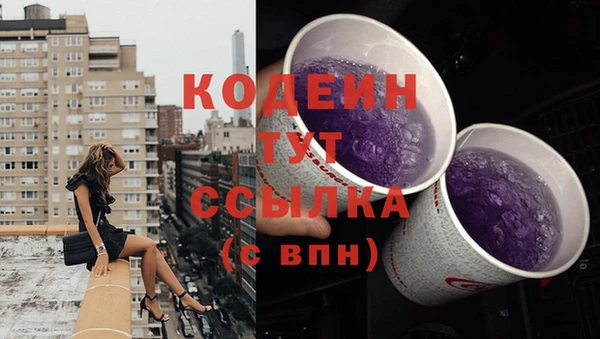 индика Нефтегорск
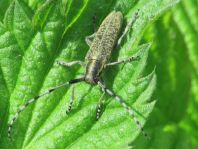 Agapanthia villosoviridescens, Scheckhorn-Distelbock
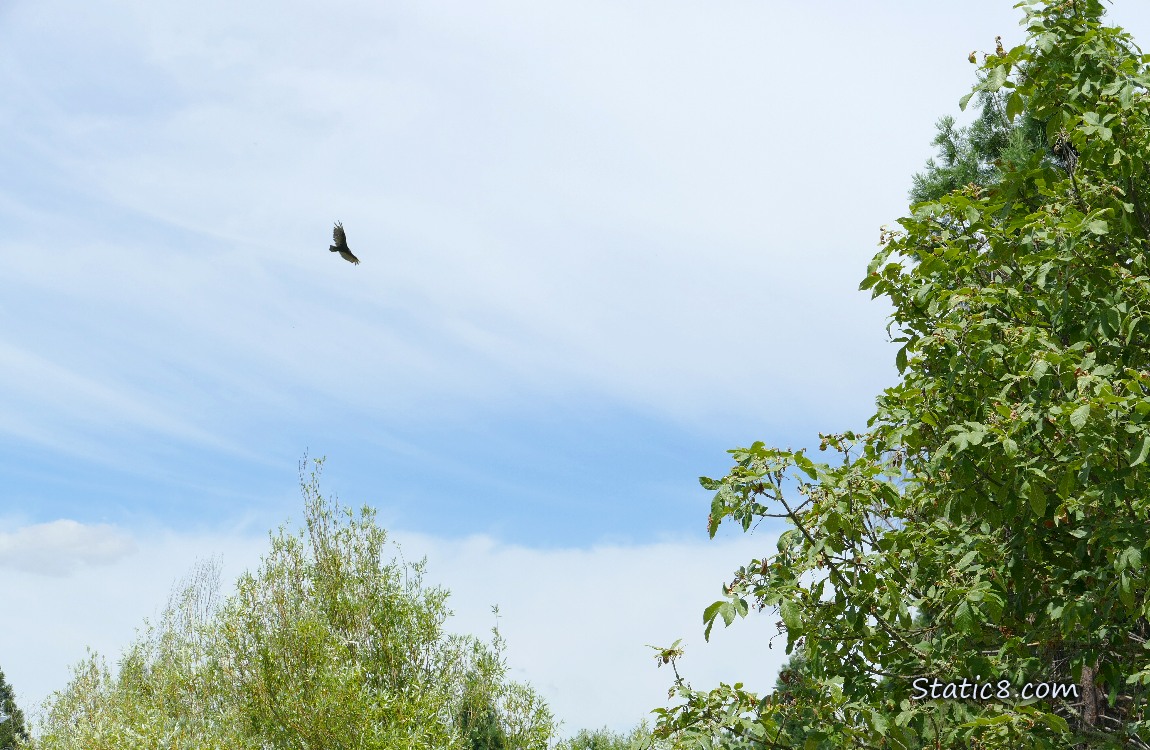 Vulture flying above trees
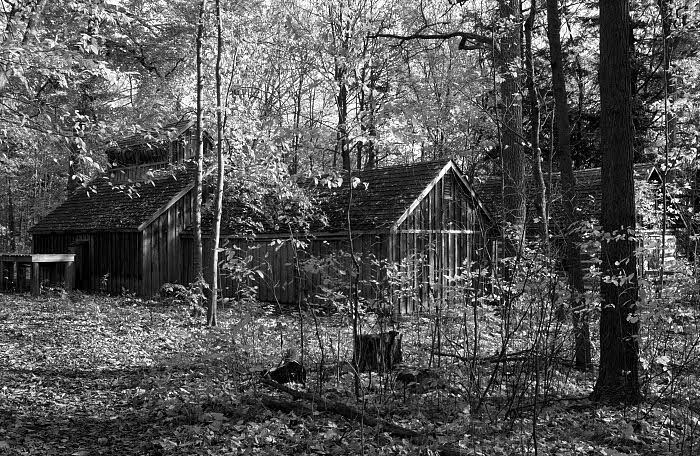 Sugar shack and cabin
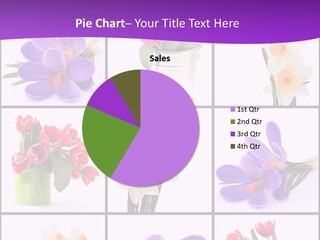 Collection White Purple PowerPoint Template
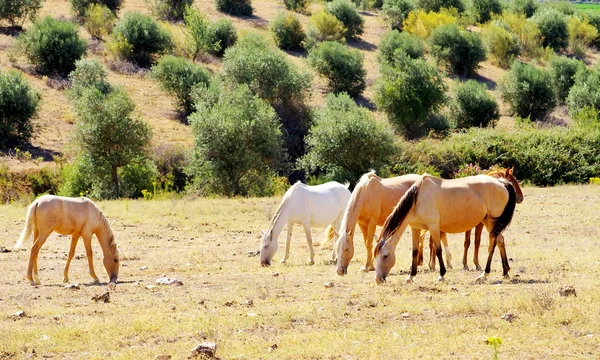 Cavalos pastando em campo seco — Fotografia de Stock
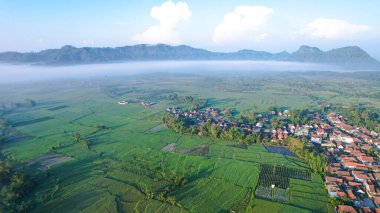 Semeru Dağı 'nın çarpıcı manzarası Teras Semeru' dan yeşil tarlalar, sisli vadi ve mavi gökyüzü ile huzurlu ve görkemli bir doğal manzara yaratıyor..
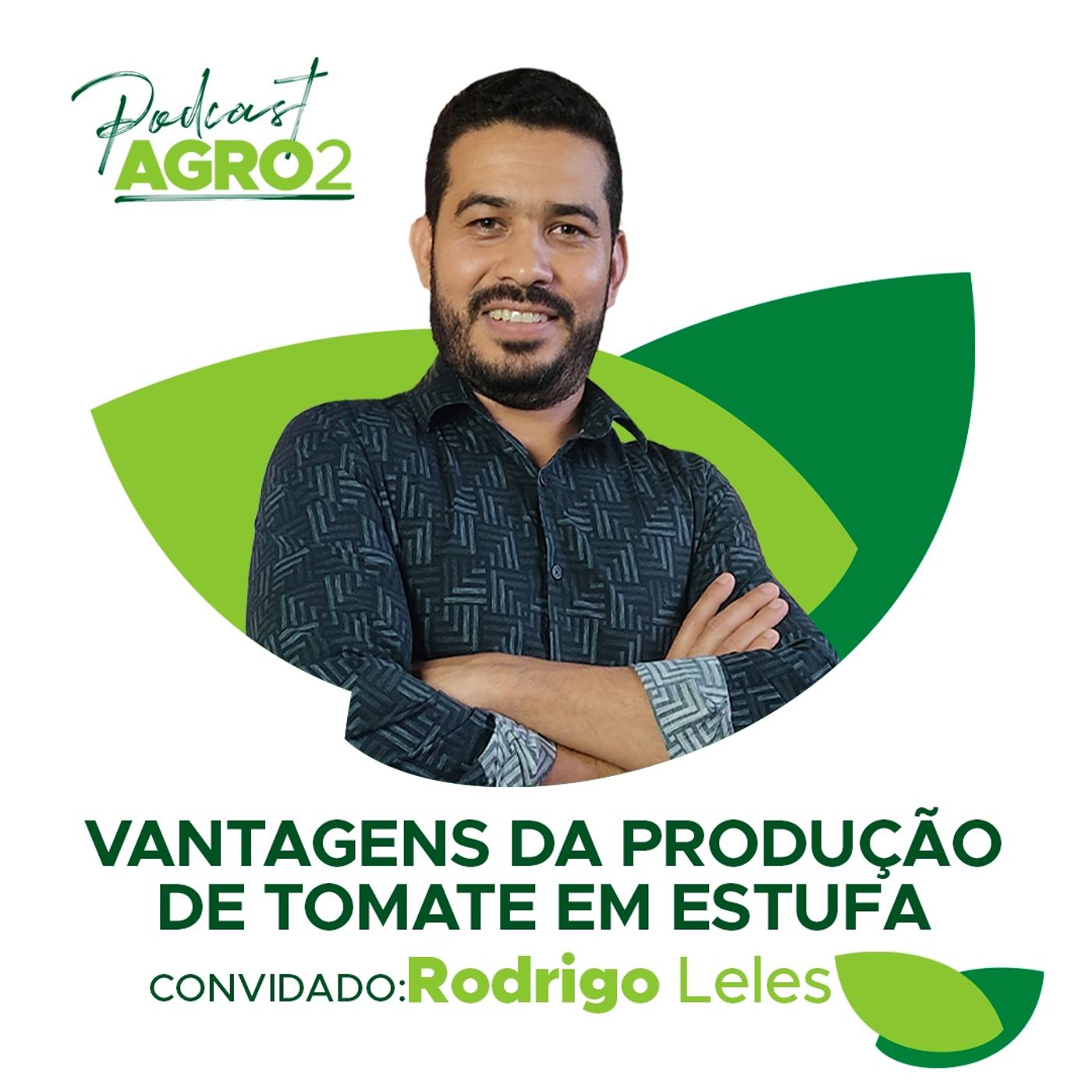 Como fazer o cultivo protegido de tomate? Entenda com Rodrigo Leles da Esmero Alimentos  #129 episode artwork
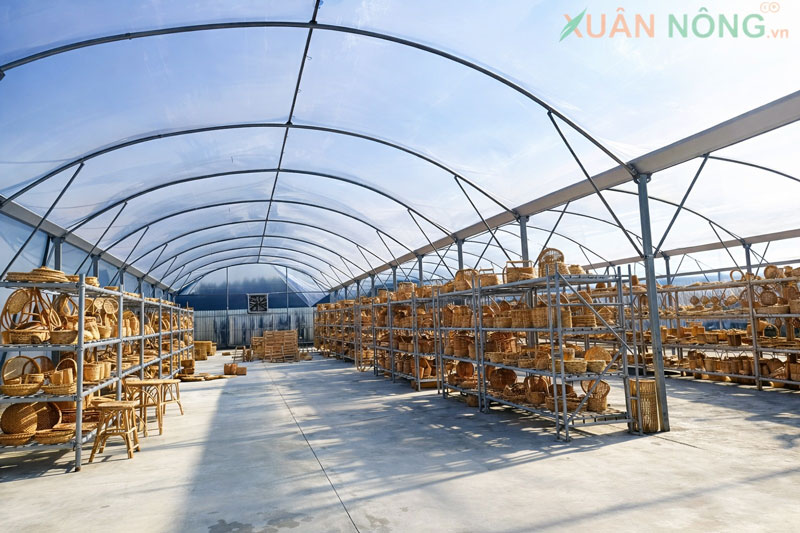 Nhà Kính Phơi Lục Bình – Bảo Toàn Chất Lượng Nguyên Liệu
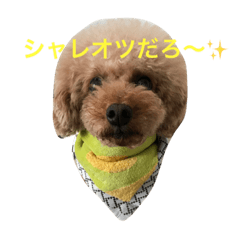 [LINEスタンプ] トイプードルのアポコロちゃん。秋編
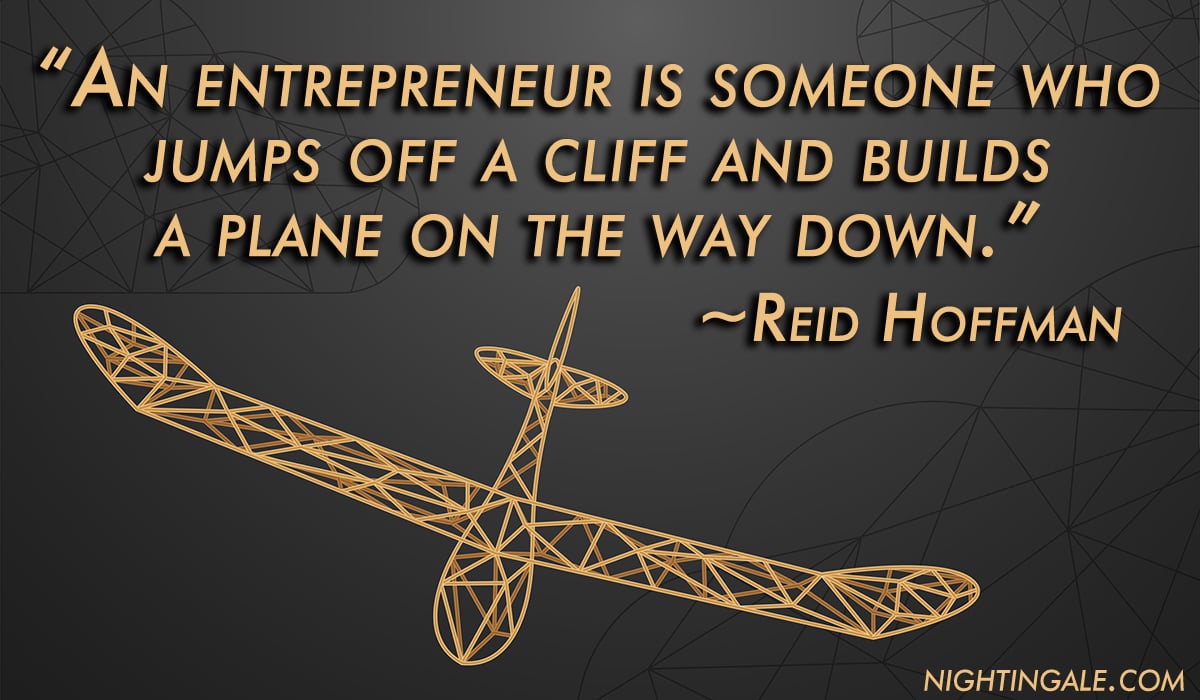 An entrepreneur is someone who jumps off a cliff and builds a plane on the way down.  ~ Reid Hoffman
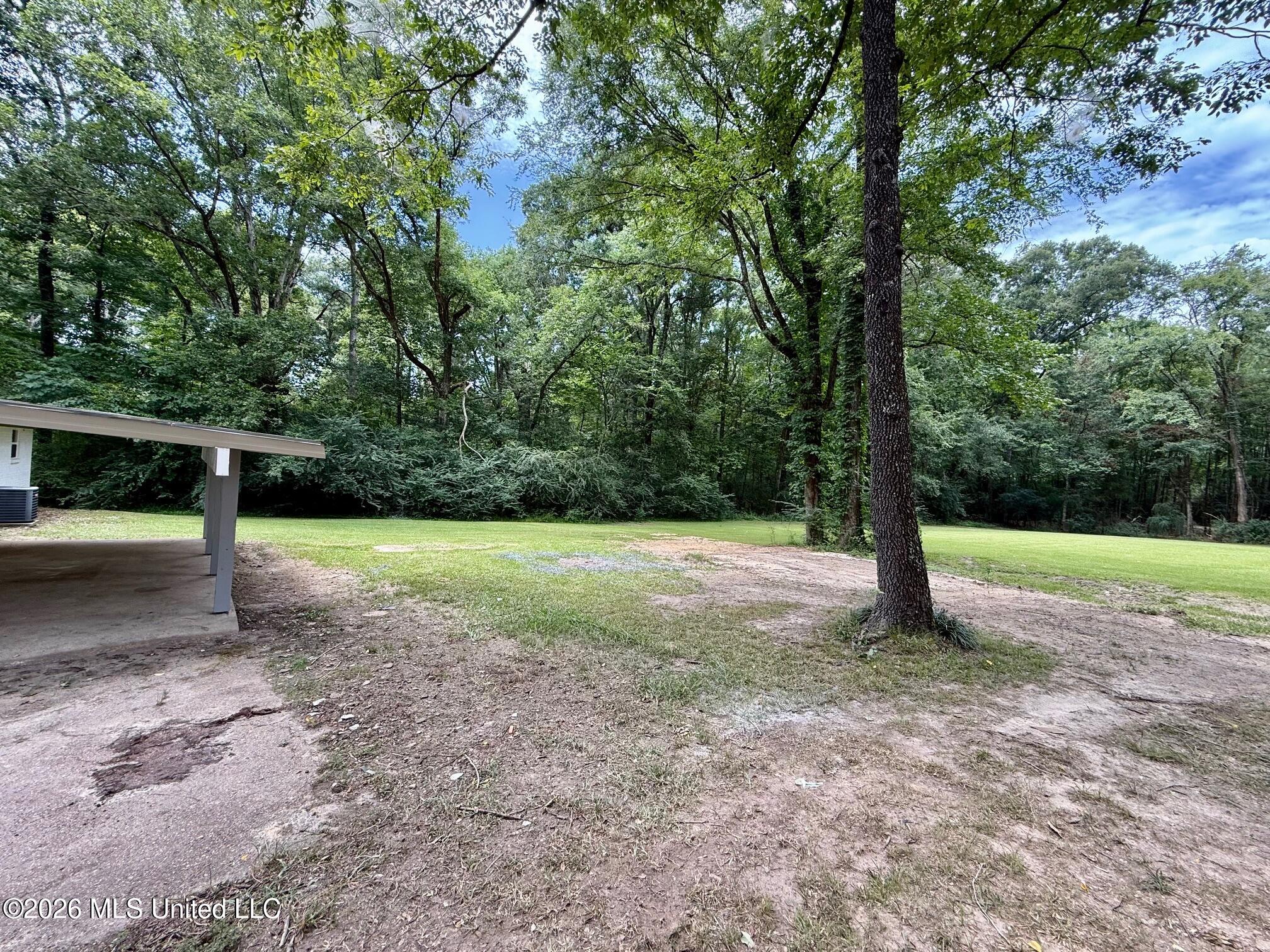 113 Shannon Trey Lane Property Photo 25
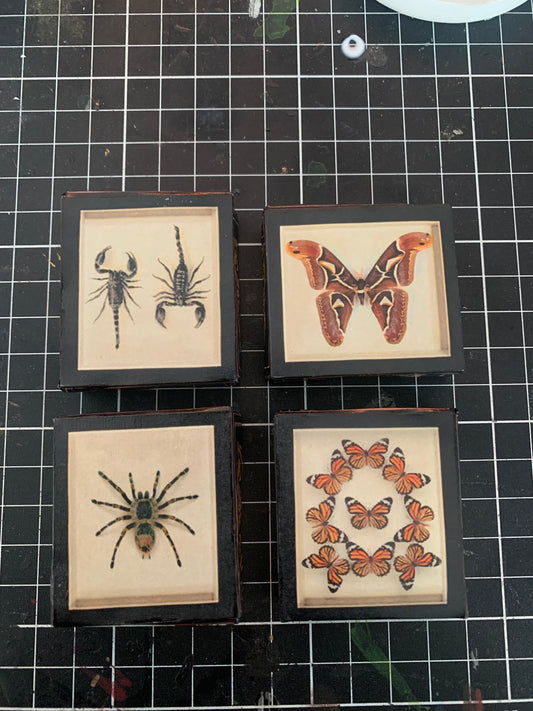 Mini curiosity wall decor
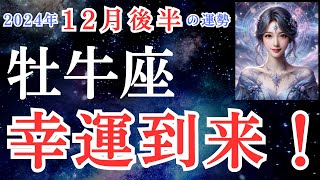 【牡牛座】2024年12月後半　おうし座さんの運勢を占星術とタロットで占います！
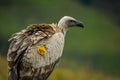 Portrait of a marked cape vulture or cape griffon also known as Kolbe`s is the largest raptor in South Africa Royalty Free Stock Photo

▶ _The problem_: With pictures left out, extract the lines from the one containing "Sugar shack and cabin" to the end of the material above, both included, exactly as written.

▶ _Completed task_:
 Sugar shack and cabin
 Collection White Purple PowerPoint Template
 Cavalos pastando em campo seco — Fotografia de Stock
 Semeru Dağı 'nın çarpıcı manzarası Teras Semeru' dan yeşil tarlalar, sisli vadi ve mavi gökyüzü ile huzurlu ve görkemli bir doğal manzara yaratıyor..
 Como fazer o cultivo protegido de tomate? Entenda com Rodrigo Leles da Esmero Alimentos  #129 episode artwork
 Nhà Kính Phơi Lục Bình – Bảo Toàn Chất Lượng Nguyên Liệu
 [LINEスタンプ] トイプードルのアポコロちゃん。秋編
 An entrepreneur is someone who jumps off a cliff and builds a plane on the way down.  ~ Reid Hoffman
 113 Shannon Trey Lane Property Photo 25
 Mini curiosity wall decor
 【牡牛座】2024年12月後半　おうし座さんの運勢を占星術とタロットで占います！
 Portrait of a marked cape vulture or cape griffon also known as Kolbe`s is the largest raptor in South Africa Royalty Free Stock Photo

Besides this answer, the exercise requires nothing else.